= Doña Rosita the Spinster =

Play written by Federico García Lorca

Doña Rosita the Spinster (Doña Rosita la soltera) is a period play by the 20th-century Spanish dramatist Federico García Lorca. It is subtitled "or The Language of the Flowers" and described as "a poem of 1900 Granada, divided into various gardens, with scenes of song and dance". It was written in 1935 and first performed in the same year.

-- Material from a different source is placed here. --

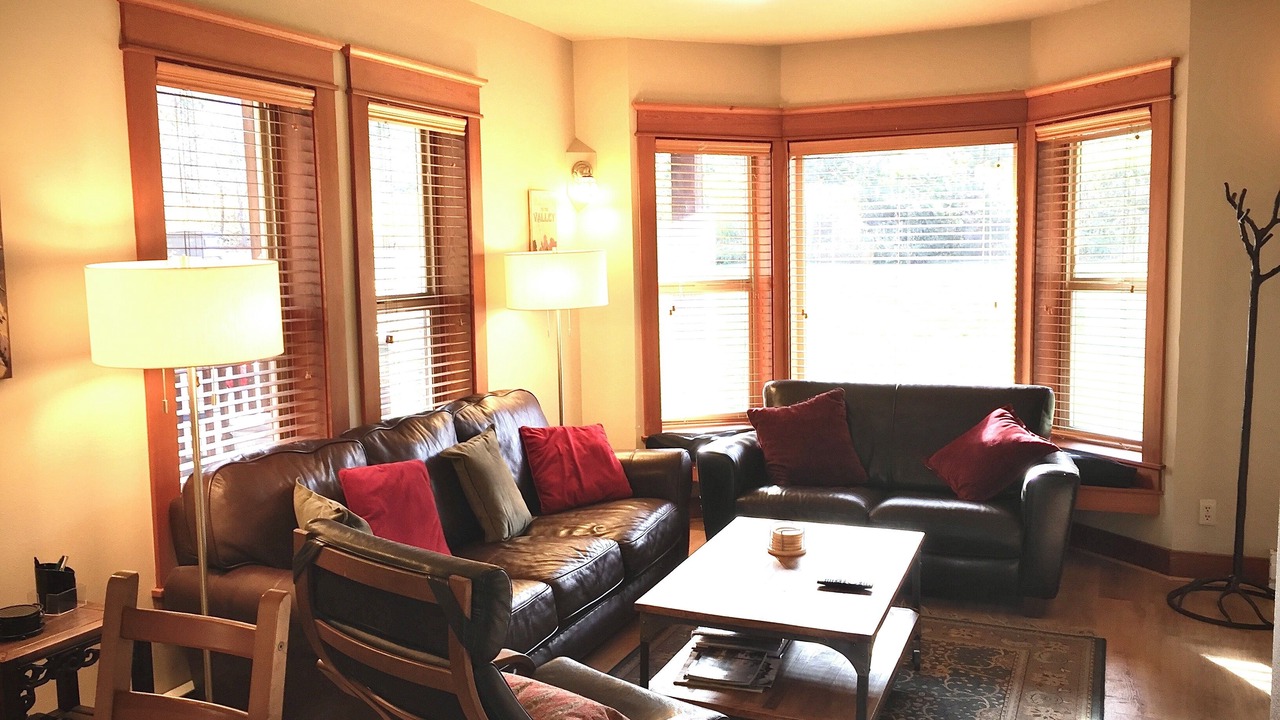 Photo of Livingroom in Methow Valley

"The theme of the play", suggests Federico García Lorca, "is the passage of time" (which Lorca had developed in a different form in his experimental surrealist play When Five Years Pass in 1931). Doña Rosita is a young woman who falls in love with a man who is called to South America to join his parents. He swears to return and Rosita waits, but learns that he has married someone else. The action is set in Granada, Spain in three different years, portraying the bourgeois life of the 1880s and the social modernization and beginning of World War I of the early 1900s. Lorca draws parallels between Doña Rosita's life and these historic periods, beginning with the vitality of her youth, the attainment of maturity, and finally the loss of all hope.

The key moment in the play occurs when a young relative addresses Rosita as Doña Rosita. This form of address signals her change of status.

==Works cited==
- García Lorca, Federico. 1970. Doña Rosita, the Spinster. In Five Plays: Comedies and Tragi-Comedies. Trans. James Graham-Lujan and Richard L. O'Connell. London: Penguin. ISBN 0-14-018125-3.
- García Lorca, Francisco. 1963. Introduction. In Five Plays: Comedies and Tragi-Comedies. Trans. James Graham-Lujan and Richard L. O'Connell. London: Penguin, 1970. ISBN 0-14-018125-3. p. 9–20.
- Stainton, Leslie. Lorca: a Dream of Life. New York: Farrar, Straus and Giroux, 1999. 393–397.